** Opening Information shown block **

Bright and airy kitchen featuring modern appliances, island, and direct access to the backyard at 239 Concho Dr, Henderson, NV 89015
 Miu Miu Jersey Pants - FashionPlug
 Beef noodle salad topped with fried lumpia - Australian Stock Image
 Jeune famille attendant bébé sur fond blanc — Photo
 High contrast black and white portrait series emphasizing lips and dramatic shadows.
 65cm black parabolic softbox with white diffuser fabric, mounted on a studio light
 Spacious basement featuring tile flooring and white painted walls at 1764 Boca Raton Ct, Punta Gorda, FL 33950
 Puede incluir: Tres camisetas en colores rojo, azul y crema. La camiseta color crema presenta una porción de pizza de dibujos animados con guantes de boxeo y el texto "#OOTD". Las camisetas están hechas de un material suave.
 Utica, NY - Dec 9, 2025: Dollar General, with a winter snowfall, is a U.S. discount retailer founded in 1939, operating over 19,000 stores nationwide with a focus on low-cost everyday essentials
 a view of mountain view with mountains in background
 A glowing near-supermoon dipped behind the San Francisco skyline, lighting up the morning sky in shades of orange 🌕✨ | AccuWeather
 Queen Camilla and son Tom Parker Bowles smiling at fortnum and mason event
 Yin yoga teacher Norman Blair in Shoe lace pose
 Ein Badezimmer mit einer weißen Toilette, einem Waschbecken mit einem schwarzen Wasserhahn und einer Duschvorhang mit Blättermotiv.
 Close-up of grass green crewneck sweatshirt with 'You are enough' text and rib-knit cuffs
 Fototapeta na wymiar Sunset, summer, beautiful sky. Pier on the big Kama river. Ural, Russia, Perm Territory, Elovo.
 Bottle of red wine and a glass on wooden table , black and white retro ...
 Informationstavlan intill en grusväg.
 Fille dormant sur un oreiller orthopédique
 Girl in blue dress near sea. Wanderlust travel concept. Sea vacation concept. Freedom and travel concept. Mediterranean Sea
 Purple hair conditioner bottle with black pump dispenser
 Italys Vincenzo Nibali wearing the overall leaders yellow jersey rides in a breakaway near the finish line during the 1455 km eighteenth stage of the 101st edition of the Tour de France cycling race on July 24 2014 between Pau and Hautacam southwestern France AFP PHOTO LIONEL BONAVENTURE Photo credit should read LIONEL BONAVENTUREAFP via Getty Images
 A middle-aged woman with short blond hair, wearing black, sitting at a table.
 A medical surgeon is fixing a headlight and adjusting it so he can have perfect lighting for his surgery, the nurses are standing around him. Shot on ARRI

** Closing Information shown block **

**Try it**
Report back every line of the entries in which "with" occurs.

**Answer to this problem**
 Beef noodle salad topped with fried lumpia - Australian Stock Image
 65cm black parabolic softbox with white diffuser fabric, mounted on a studio light
 Utica, NY - Dec 9, 2025: Dollar General, with a winter snowfall, is a U.S. discount retailer founded in 1939, operating over 19,000 stores nationwide with a focus on low-cost everyday essentials
 a view of mountain view with mountains in background
 Close-up of grass green crewneck sweatshirt with 'You are enough' text and rib-knit cuffs
 Purple hair conditioner bottle with black pump dispenser
 A middle-aged woman with short blond hair, wearing black, sitting at a table.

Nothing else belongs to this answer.